On January 15th 2026, for two hours, I get to share that with a (virtual) room full of people, even if we also talk about modern tools and workflows. I am looking forward to it. Not because it will produce the most elegant and technically advanced R package for the public health applications, but because it gives me an excuse to sit down, turn off the copilots, and remember what it feels like to practice the craft I fell in love with years ago.
Coda: Andrew Heiss has a great section in the final lesson of his Data Visualization in R course, “Will R ever be fully replaced by AI?” (spoiler alert: probably not). I recommend reading it, especially if you’re an educator or a student.

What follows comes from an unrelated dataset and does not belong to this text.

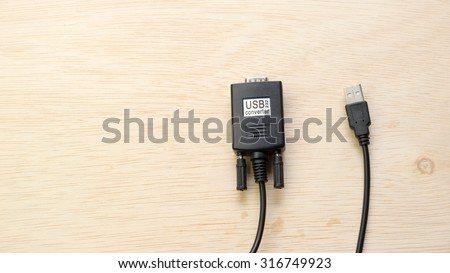 Black color usb to 9 pin RS-232 serial port cable converter adapter on wooden surface. Slightly de-focused and close-up shot. Copy space.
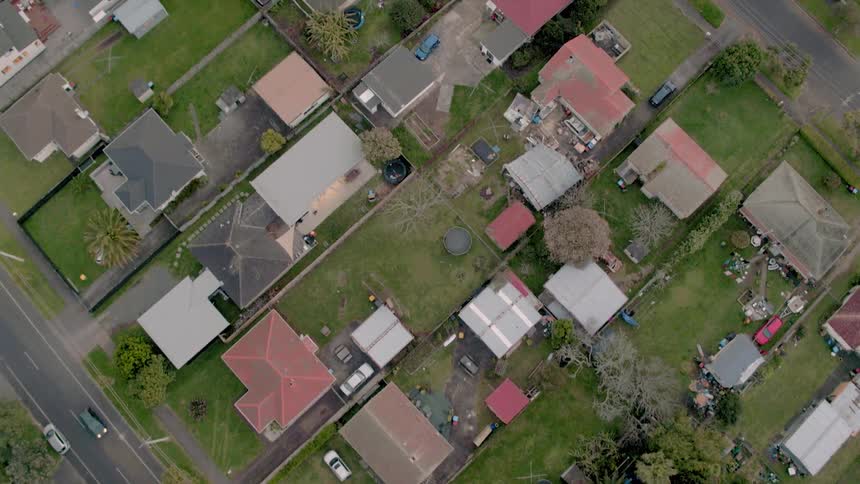 A neighborhood is being filmed from a drone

Yes, the registration pages notes that the workshop will cover a few AI tools along the way. I’m limiting this to writing tests with testthat with a little help from Positron Assistant.
I love my new job. My calendar is full of meetings. I spent much of my time answering email, writing proposals, revising other peoples proposals, drafting papers, and helping my faculty strategize about theirs. It is meaningful, important, and I love it all. But it is not the kind of work that leaves my fingers tired from typing code or my brain pleasantly numb from spending three hours wrestling with some puzzling bug or optimization.
With apologies to musicians out there that reel in disgust at AI-generated “art” and music… A while back I had a problem with a racoon family coming into the house through the cat door at night. My kids named the intruder “Ricky.” I got Suno to write a twangy country song about Ricky’s adventures. It’s catchy, ngl.